According to Bawa, the regimes under which the national treasury was plundered were those of former President Olusegun Obasanjo (1999-2006), the late President Umaru Musa Yar’Adua (2007-2009), former President Goodluck Jonathan (2010-2014), and Muhammadu Buhari (2015-2023).

These revelations are contained in the book, The Shadow Of Loot and Losses – Uncovering Nigeria’s Petrol Subsidy Fraud, which the former anti-graft czar authored.

According to the figures disclosed by Bawa, of the four administrations, Buhari’s topped the controversial subsidy payment with N11 trillion, followed by Jonathan’s, which doled out N3.9 trillion. The Obasanjo government came third with N812 billion while Yar’Adua occupied the rear with N794 billion.
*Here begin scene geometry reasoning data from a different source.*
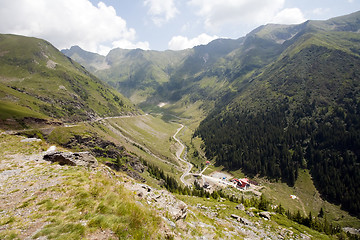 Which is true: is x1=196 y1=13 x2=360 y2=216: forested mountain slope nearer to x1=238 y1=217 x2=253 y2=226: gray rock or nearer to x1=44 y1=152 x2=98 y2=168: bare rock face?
x1=238 y1=217 x2=253 y2=226: gray rock

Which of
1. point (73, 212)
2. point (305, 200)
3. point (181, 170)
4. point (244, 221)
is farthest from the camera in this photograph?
point (181, 170)

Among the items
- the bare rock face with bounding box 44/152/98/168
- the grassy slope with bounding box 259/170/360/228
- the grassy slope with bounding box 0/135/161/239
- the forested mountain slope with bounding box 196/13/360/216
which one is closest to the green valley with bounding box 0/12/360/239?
the grassy slope with bounding box 0/135/161/239

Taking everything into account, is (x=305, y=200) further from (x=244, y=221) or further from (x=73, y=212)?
(x=73, y=212)

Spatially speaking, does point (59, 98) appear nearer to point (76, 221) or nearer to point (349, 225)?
point (76, 221)

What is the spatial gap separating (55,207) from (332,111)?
19997 cm

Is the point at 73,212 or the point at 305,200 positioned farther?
the point at 305,200

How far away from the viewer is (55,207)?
11.8 m

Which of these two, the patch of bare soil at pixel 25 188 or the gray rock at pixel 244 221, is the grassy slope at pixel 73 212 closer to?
the patch of bare soil at pixel 25 188

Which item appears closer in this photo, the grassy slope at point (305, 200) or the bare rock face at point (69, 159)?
the bare rock face at point (69, 159)

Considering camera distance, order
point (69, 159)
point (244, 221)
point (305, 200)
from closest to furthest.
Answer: point (69, 159)
point (244, 221)
point (305, 200)

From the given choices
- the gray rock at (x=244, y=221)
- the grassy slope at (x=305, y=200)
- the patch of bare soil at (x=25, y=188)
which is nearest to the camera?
the patch of bare soil at (x=25, y=188)

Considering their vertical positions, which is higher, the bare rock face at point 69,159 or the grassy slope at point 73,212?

Obasanjo and Buhari spent eight years in office while Jonathan ruled for six years, having initially completed the two years left by the Yar’Adua administration, as the deceased’s deputy, winning the presidential election in 2011.

In the 317-page book, Bawa said the subsidy payments, which were usually fraudulent, were oiled by inadequate regulatory frameworks, weak law enforcement mechanisms, and a lack of transparency in the whole process.

Bawa said these lapses encouraged the spike in subsidy payments from N123 billion in 2006 to N886 billion in 2014 and the outrageous figure of N11 trillion in 2023.